## DATA SHOWN
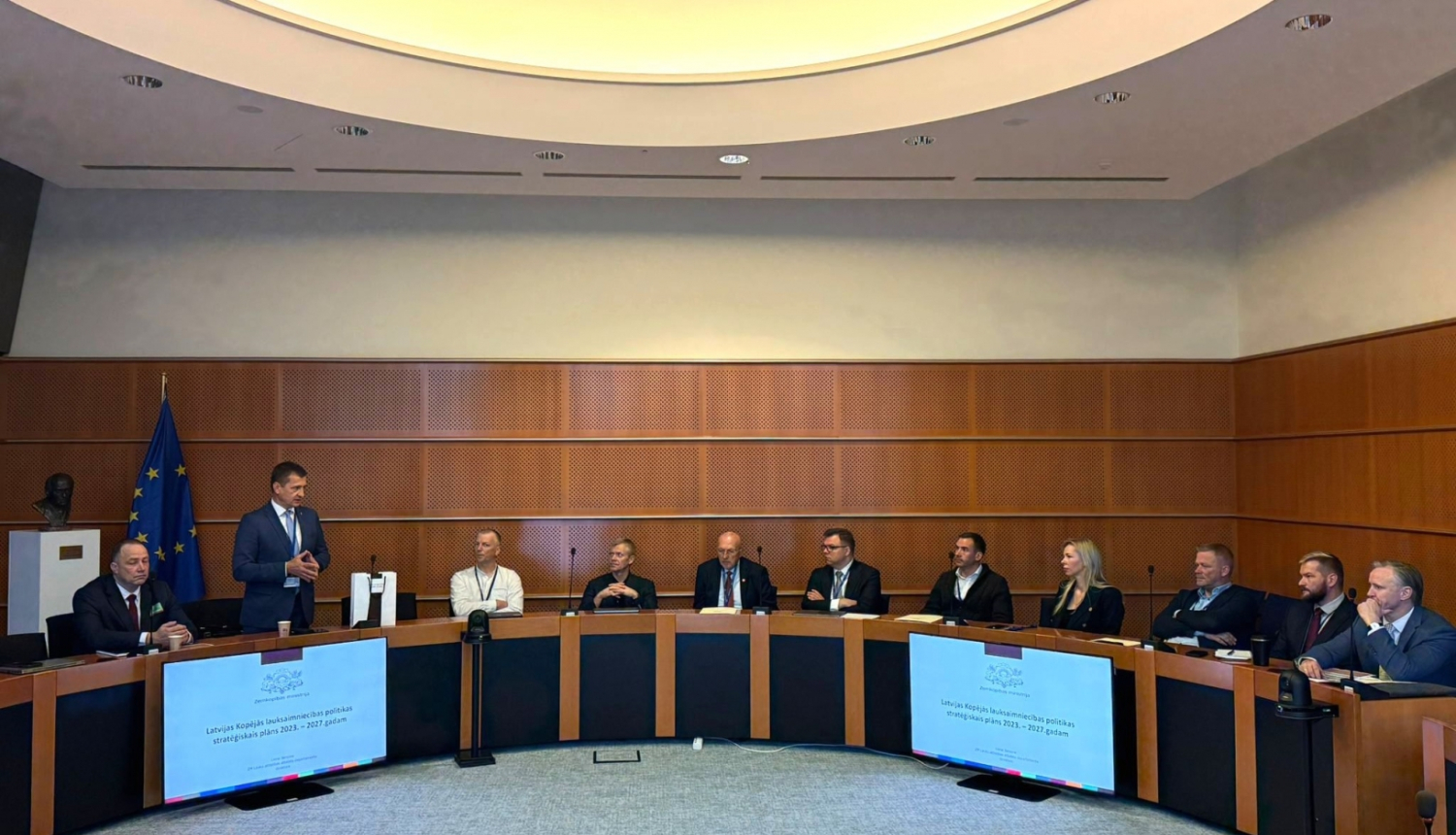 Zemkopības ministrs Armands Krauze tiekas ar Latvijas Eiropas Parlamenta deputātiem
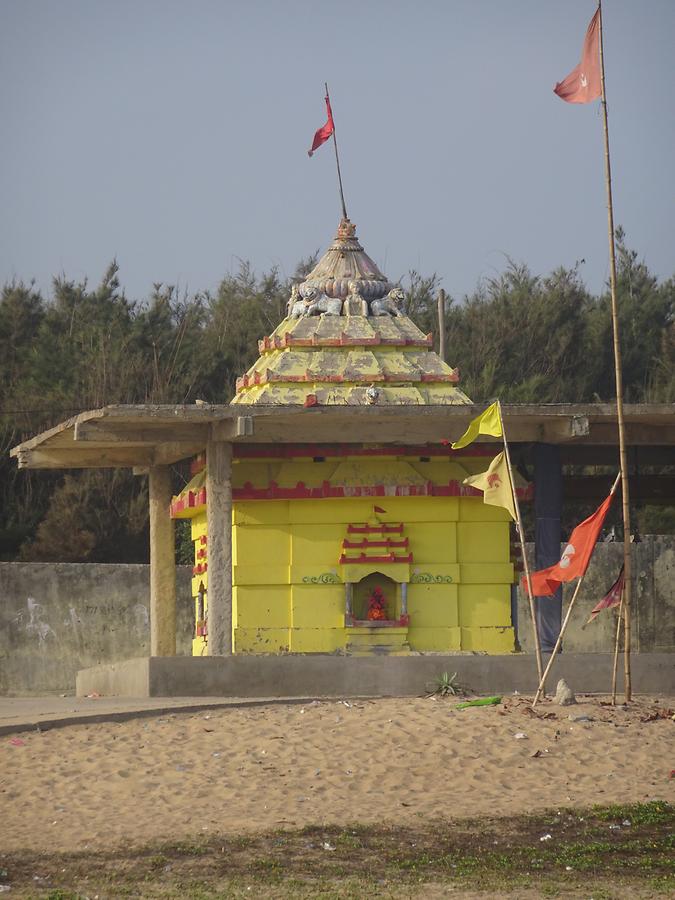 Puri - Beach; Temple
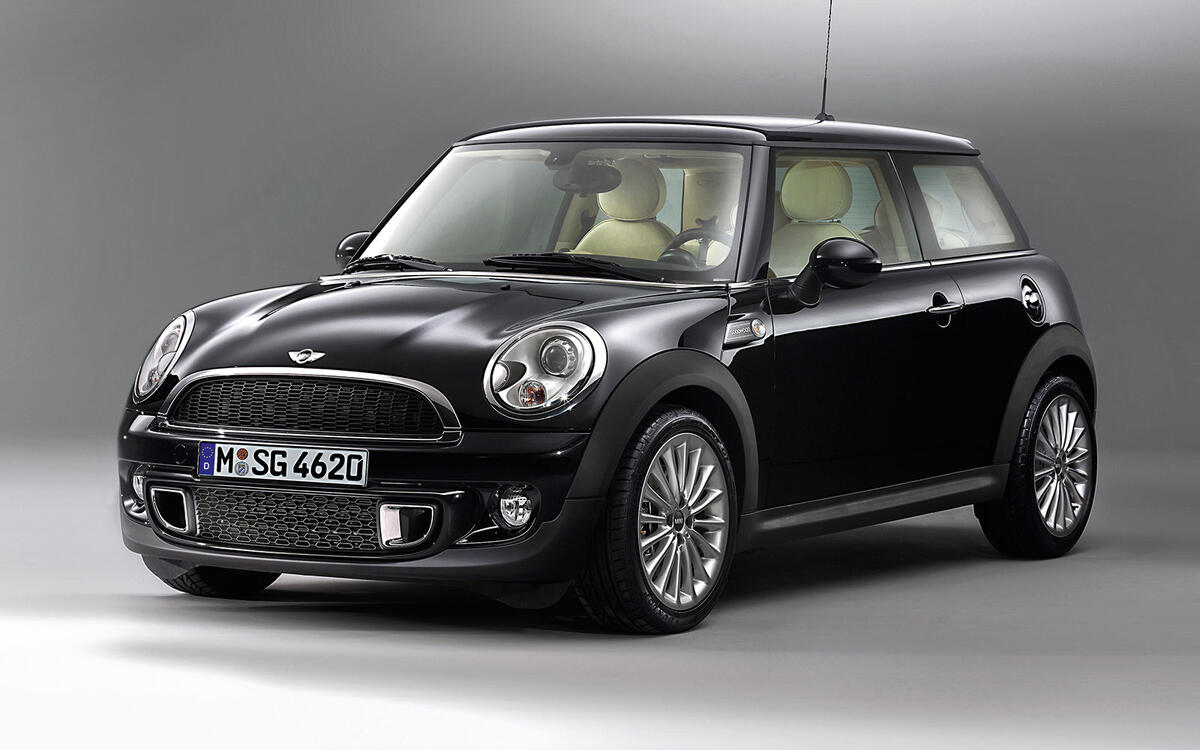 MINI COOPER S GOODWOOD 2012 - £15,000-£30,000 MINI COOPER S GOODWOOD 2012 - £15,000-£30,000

## WHAT YOU ARE ASKED TO DO
In your answer, repeat the material above in full, exactly, and without its pictures.

## ANSWER TO THIS EXERCISE
 Zemkopības ministrs Armands Krauze tiekas ar Latvijas Eiropas Parlamenta deputātiem
 Puri - Beach; Temple
 MINI COOPER S GOODWOOD 2012 - £15,000-£30,000 MINI COOPER S GOODWOOD 2012 - £15,000-£30,000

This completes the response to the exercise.